• **EXERCISE PROMPT**:
Exact reproduction of the data is required, with images excluded.

• **MATERIAL FOR THE TASK**:

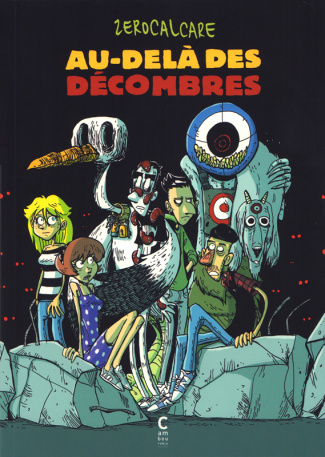 Au-delà des décombres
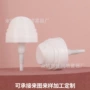 定制按压防晒圆罩喷雾头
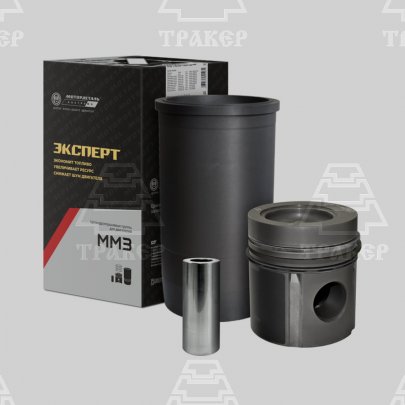 Поршневая группа Д-245-1000108-Л-90 МД Кострома (ЭКСПЕРТ) 54708 (компл. из 4шт)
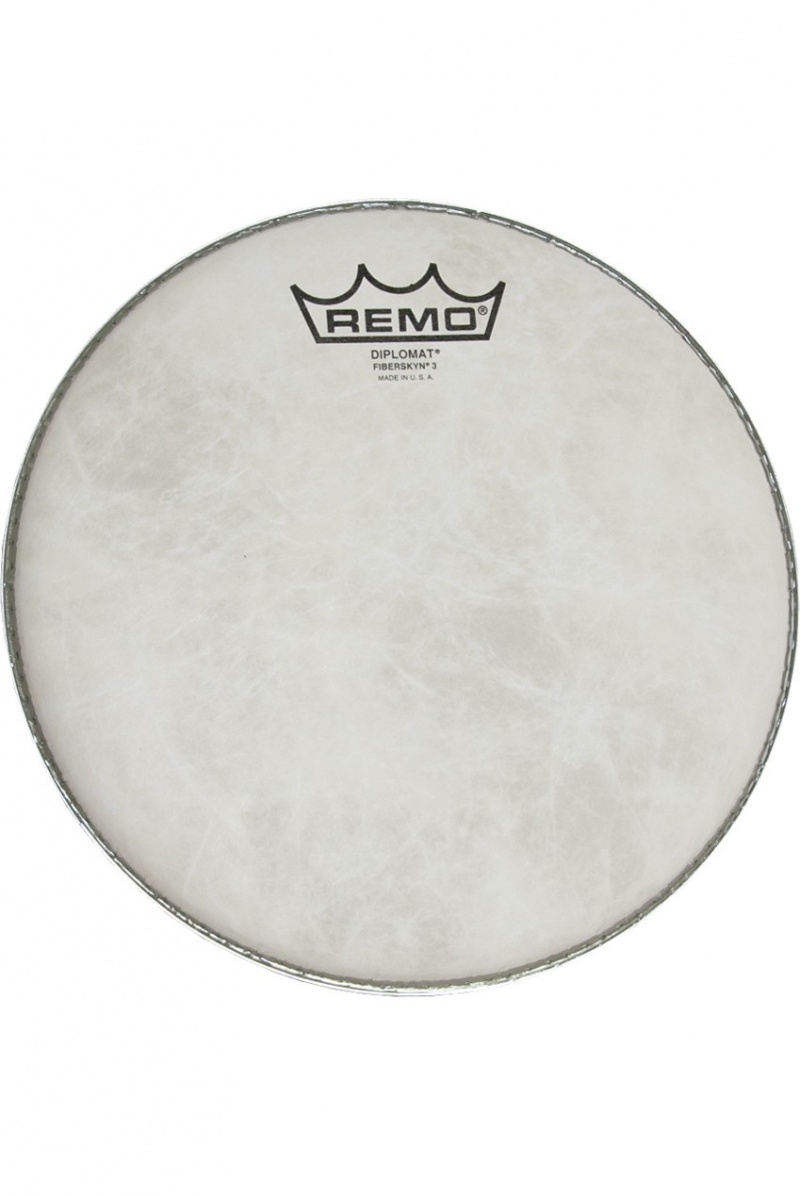Remo S Series Doumbek Head 8-3/4-Inch Diameter 3/8-Inch Collar - Fiberskyn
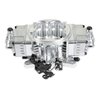 534-307 Terminator X Stealth 4150 Throttle Body [Polished Finish] - image 2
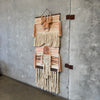 Modern Fiber Art Tapestry/Wall Hanging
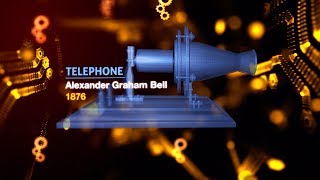 Alexander Graham Bells Telephone Prototype  The Genius Of Invention  Earth Science [upl. by Anidem]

• **ANSWER FOR THE TASK**:
 Au-delà des décombres
 定制按压防晒圆罩喷雾头
 Поршневая группа Д-245-1000108-Л-90 МД Кострома (ЭКСПЕРТ) 54708 (компл. из 4шт)
Remo S Series Doumbek Head 8-3/4-Inch Diameter 3/8-Inch Collar - Fiberskyn
 534-307 Terminator X Stealth 4150 Throttle Body [Polished Finish] - image 2
 Modern Fiber Art Tapestry/Wall Hanging
 Alexander Graham Bells Telephone Prototype  The Genius Of Invention  Earth Science [upl. by Anidem]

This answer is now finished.